Right about now, you figure that the boys at NBC are sweating more than Hakeem Olajuwon.
The glamour teams, the marquee players, are getting canceled out of the National Basketball Association playoffs. A variety of newcomers, no-names and mid-market franchises have bum-rushed the show.
Seattle won 63 games this season. Gone. Atlanta finished with the top record in the East. Gone. Phoenix and San Antonio? Gone. Orlando never got started.
And now NBC is looking at a potential Indiana-Houston matchup in the NBA Finals, a real ratings-killer. First, the network loses Letterman, then Michael Jordan, and now this.
Somewhere, NBC executives must be lighting candles, praying that the winner of Sunday's Chicago-New York Game 7 will have enough left to dispose of Indiana in the Eastern Conference title bout.
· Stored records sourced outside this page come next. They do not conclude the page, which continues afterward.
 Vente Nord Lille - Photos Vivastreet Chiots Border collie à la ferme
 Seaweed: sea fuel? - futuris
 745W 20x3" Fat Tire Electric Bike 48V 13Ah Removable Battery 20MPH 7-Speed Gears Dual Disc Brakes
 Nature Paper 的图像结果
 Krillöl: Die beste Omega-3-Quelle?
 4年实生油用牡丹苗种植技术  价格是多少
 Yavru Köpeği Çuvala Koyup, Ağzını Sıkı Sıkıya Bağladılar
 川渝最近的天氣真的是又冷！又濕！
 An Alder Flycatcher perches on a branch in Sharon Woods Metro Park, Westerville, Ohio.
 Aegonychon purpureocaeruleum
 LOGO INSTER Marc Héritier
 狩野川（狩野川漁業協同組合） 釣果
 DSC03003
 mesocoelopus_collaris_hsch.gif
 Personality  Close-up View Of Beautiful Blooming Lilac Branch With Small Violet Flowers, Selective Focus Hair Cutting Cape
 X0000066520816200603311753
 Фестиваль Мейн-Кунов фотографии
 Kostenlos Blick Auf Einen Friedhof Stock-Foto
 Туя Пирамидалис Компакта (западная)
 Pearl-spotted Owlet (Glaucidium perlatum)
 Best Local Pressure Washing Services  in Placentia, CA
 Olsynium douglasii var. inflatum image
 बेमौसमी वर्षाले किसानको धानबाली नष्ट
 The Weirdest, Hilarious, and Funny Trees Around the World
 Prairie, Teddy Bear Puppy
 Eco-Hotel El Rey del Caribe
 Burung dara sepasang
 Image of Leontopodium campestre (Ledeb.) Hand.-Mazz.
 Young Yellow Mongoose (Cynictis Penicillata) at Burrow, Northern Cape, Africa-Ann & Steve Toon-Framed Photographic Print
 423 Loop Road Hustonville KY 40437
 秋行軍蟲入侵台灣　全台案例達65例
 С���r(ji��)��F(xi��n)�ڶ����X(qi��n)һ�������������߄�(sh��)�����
Whatever. I'm not complaining. I like slam dunks as much as the next fan with a short-attention span, but the 1994 playoff trend is good for the game, if not the TV ratings.
This development will satisfy the purists. Team basketball is making a comeback; the NBA's shoe salesmen have left the arena. Think about it. Just about all of the players we see in those creative Nike and Reebok commercials can no longer be seen in the actual games; their teams have been eliminated.
Orlando and Shaquille O'Neal were swept by anonymous Indiana in the first round. David Robinson and Dennis Rodman have plenty of time to sit in that Nike barbershop; San Antonio got dumped by Utah in the opening round. Same with rookie sneaker-pitchman Chris Webber (Golden State was out in three). And soaring Shawn Kemp never left the ground when Seattle needed to beat underdog Denver.
I'm a big Charles Barkley fan. But Chuck's underachieving Suns - has anyone seen Dan Majerle? - were cashed out by determined, defensive-minded Houston.
Is there a lesson in this? The NBA provides great entertainment, and it's still the best pro sports league in existence. But the hype has gone too far.